2. Indexing Documents

Once pages & Web addresses have been crawled or collected, sent to the search engine's indexing software. The indexing software extracts information from the documents, storing it in database. The kind of information indexed depends on particular search engine. Some index every word in a document; others index the document title only.

3. Processing Queries

When you perform a search by entering keywords, Search engines match queries against an index that they create and assembles a web page that lists the results as hypertext links. The index consists of the words in each document, plus pointers to their locations within the documents. This is called an inverted file.

4. Ranking Results

Once the search engine has determined which results are a match for the query, the engine's algorithm (a mathematical equation commonly used for sorting) runs calculations on each of the results to determine which is most relevant to the given query. They sort these on the results pages in order from most relevant to least so that users can make a choice about which to select.

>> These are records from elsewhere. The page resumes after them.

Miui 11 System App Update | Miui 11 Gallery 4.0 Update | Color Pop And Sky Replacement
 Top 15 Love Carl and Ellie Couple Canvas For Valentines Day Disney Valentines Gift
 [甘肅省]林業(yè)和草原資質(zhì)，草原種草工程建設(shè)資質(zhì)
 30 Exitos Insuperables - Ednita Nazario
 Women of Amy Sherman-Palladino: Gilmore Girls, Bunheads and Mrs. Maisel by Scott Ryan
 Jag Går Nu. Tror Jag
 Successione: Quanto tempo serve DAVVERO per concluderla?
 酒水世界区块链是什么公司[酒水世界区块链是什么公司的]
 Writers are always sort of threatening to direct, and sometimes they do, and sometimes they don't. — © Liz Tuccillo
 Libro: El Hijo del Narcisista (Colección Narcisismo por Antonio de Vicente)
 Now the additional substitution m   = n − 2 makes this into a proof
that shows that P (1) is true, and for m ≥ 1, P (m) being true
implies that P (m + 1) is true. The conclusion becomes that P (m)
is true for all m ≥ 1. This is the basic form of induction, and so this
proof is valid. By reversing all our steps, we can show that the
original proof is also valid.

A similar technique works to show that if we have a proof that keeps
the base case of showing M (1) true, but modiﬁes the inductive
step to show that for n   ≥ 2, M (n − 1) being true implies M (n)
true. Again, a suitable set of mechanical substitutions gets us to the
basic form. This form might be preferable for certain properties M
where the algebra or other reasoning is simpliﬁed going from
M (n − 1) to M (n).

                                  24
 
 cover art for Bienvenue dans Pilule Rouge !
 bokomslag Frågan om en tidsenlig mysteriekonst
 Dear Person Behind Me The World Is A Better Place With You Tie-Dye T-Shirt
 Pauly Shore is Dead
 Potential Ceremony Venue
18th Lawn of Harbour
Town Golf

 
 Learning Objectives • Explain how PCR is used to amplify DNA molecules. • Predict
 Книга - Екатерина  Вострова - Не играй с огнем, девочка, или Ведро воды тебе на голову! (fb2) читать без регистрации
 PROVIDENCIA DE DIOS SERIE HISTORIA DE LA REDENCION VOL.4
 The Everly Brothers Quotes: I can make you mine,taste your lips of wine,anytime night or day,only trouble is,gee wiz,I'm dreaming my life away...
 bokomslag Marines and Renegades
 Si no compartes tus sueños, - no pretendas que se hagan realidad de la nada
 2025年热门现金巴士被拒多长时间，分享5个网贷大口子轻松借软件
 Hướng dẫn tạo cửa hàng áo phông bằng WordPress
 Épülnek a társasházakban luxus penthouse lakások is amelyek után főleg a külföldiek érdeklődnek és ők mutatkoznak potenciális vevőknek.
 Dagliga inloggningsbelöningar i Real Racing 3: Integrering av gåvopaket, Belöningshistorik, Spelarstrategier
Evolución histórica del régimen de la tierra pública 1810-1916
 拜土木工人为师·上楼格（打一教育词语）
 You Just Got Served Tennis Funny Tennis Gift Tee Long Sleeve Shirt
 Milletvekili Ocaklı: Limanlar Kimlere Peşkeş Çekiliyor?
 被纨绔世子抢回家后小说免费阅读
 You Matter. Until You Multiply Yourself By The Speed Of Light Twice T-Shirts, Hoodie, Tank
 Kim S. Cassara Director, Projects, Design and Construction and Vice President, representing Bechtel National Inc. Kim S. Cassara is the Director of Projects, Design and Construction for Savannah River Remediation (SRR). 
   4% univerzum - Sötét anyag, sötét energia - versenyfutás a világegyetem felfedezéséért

Search engine crawlers may look at a number of different factors when crawling a site. Not every page is indexed by the search engines. Certain types of navigation may hinder or entirely prevent search engines from reaching your website's content:

Speed Bumps & Walls

Complex links and deep site structures with little unique content may serve as "bumps". Data that cannot be accessed by spiderable links qualify as "walls".

Possible "Speed Bumps" for SE Spiders:

*  URLs with 2+ dynamic parameters; i.e. http://www.url.com/page.php?id=4&CK=34rr&User=%Tom% (spiders may be reluctant to crawl complex URLs like this because they often result in errors with non-human visitors).

*  Pages with more than 100 unique links to other pages on the site (spiders may not follow each one).

*  Pages buried more than 3 clicks/links from the home page of a website (unless there are many other external links pointing to the site, spiders will often ignore deep pages).

*  Pages requiring a "Session ID" or Cookie to enable navigation (spiders may not be able to retain these elements as a browser user can).

*  Pages that are split into "frames" can hinder crawling and cause confusion about which pages to rank in the results.

Possible "Walls" for SE Spiders:

*  Pages accessible only via a select form and submit button.

*  Pages requiring a drop down menu (HTML attribute) to access them.

*  Documents accessible only via a search box.

*  Documents blocked purposefully (via a robots meta tag or robots.txt file - see more on these here).

*  Pages requiring a login.

*  Pages that re-direct before showing content (search engines call this cloaking or bait-and-switch and may actually ban sites that use this tactic.

The key to ensuring that a site's contents are fully crawlable is to provide direct, HTML links to to each page you want the search engine spiders to index. Remember that if a page cannot be accessed from the home page (where most spiders are likely to start their crawl) it is likely that it will not be indexed by the search engines. A sitemap can be of tremendous help for this purpose.